III. Culture, Elle n’a rien de particulier. On destine le pommier ou à être planté sur la lisière des chemins ou des champs, ou bien on sacrifie des champs entiers à leur plantation.

Les arbres de lisière ou de ceinture ont un grand avantage sur les autres, parce qu’ils sont environnés d’un grand courant d’air, & reçoivent la lumière du soleil de tous les côtés ; enfin ils profitent de l’avantage produit par les labours donnés aux champs : voilà leur beau côté.

Si lorsqu’on a levé le semis, pour en transporter les plants dans la pépinière, on avoit conservé leur pivot ; si en plantant les arbres à demeure on ne l’avoit pas coupé ; enfin, si la fosse avoit été creusée assez profondément pour le recevoir dans son entier, cet arbre ne pousseroit pas des racines horizontales & presqu’à fleur de terre, qui sont mâchées & mutilées par la charrue.

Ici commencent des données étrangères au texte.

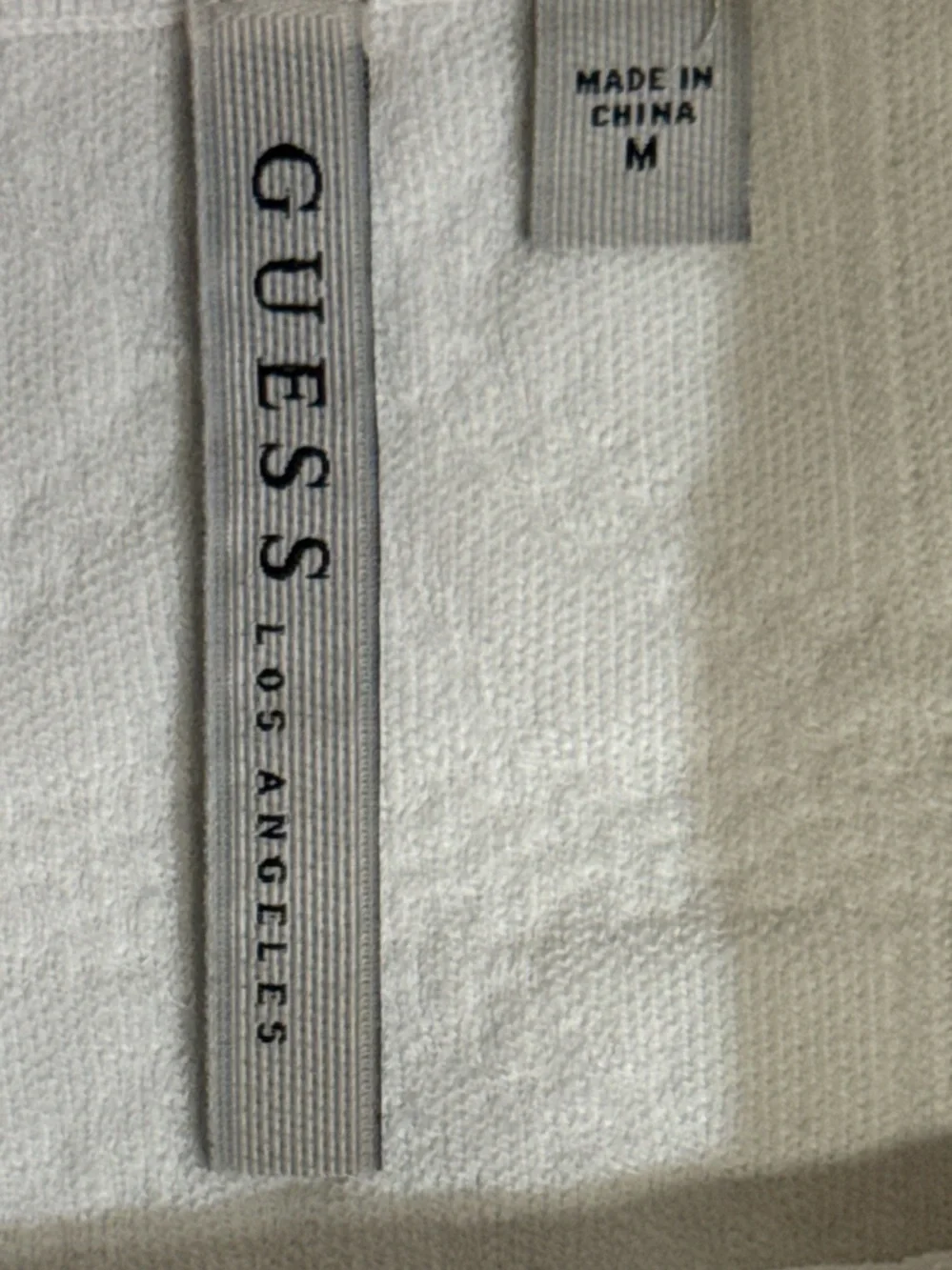 GUESS Los Angeles White Textured Mini Skirt Size M Elastic Waist Gold Logo - Picture 3 of 4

Il se forme, il est vrai, un bourrelet tout autour de la blessure ; mais de ce même bourrelet il en sort une infinité de racines capillaires qui dévorent les moissons, jusqu’à ce qu’elles soient emportées par de nouveaux coups de charme. Il est démontré que la greffe diminue la longévité & la force de l’arbre ; mais l’une & l’autre sont bien plus diminuées lorsqu’on coupe le pivot.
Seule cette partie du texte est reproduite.